Ülkemizde, zam yapılmayan mal ve hizmet kalmadı. Hükümet, pahalılığı önlemek, hayatı ucuzlatmak  için, yapılması gereken vergi indirimlerini yeni açıkladığı ekonomik pakette de yeteri kadar yapmamış, denetimler yetersiz kalmış ve böylece piyasa  ucuzlamamıştır.

Halkın büyük bir bölümü,  günden güne yoksullaşmakta ve borçları artmaktadır. Hükümet’ in ivedilikle yapması gereken, hayatı ucuzlatacak tedbirleri almak ve asgari ücretli, sosyal yardım ve engelli maaşı alanların maaşlarını süratle artırmak olmalıdır.

Hayatı ucuzlatacak, yeni bir ekonomik destek paketine ihtiyaç vardır.Zira, mevcut pakette çok az üründe yapılan kdv indirimleri, bu ürünlerde bir miktar fiyat düşüşü yaratsada, artan döviz kurları nedeniyle, pek çok üründe fiyatlar yeniden yükselmiştir.

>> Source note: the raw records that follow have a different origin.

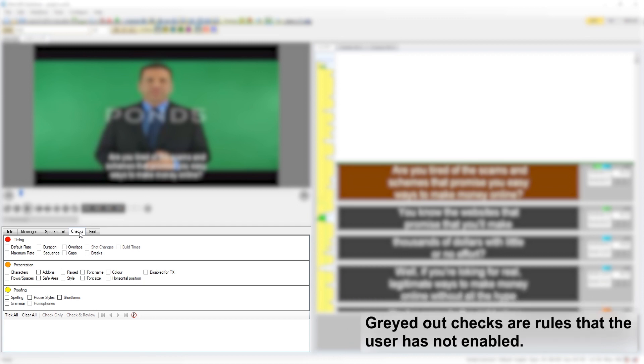As you can see, some of the checks in this example are greyed out. These are the rules that the user has not enabled, and will therefore not need to be checked.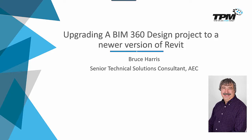My name is Bruce Harris and I'm a senior technical solutions consultant here at TPM. Today we're going to be talking about upgrading a BIM 360 design project to a newer version of Revit.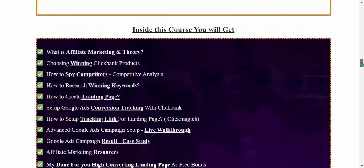What you will get inside this course: the course curriculum covers what is affiliate marketing, complete basic theory things. Then choosing a winning Clickbank product — how to choose a winning Clickbank product. There are several methods, but one of the best chapters is how to spy on competitors and analyze them.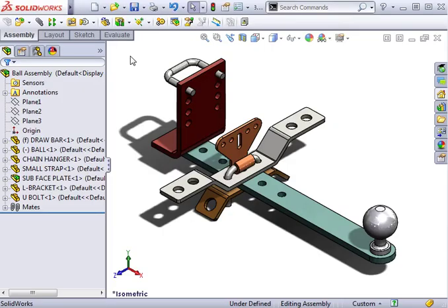When working with assemblies, you have the ability to reload components. This allows you to replace components if you need to do so, or simply change the way they were loaded in the first place.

Dövizin arttığı, yüksek enflasyon dönemlerinde, yapılması gereken, 6 ayda bir yapılan maaş artışlarını, 3 ayda bir yapmak veya en kesin çözüm olan, ülkede dövizle fiyatlanan tüm mal ve hizmetler gibi, vatandaşın gelirlerini de istikrarlı para birimine endeksli muhasebe sistemine geçirmek olmalıdır.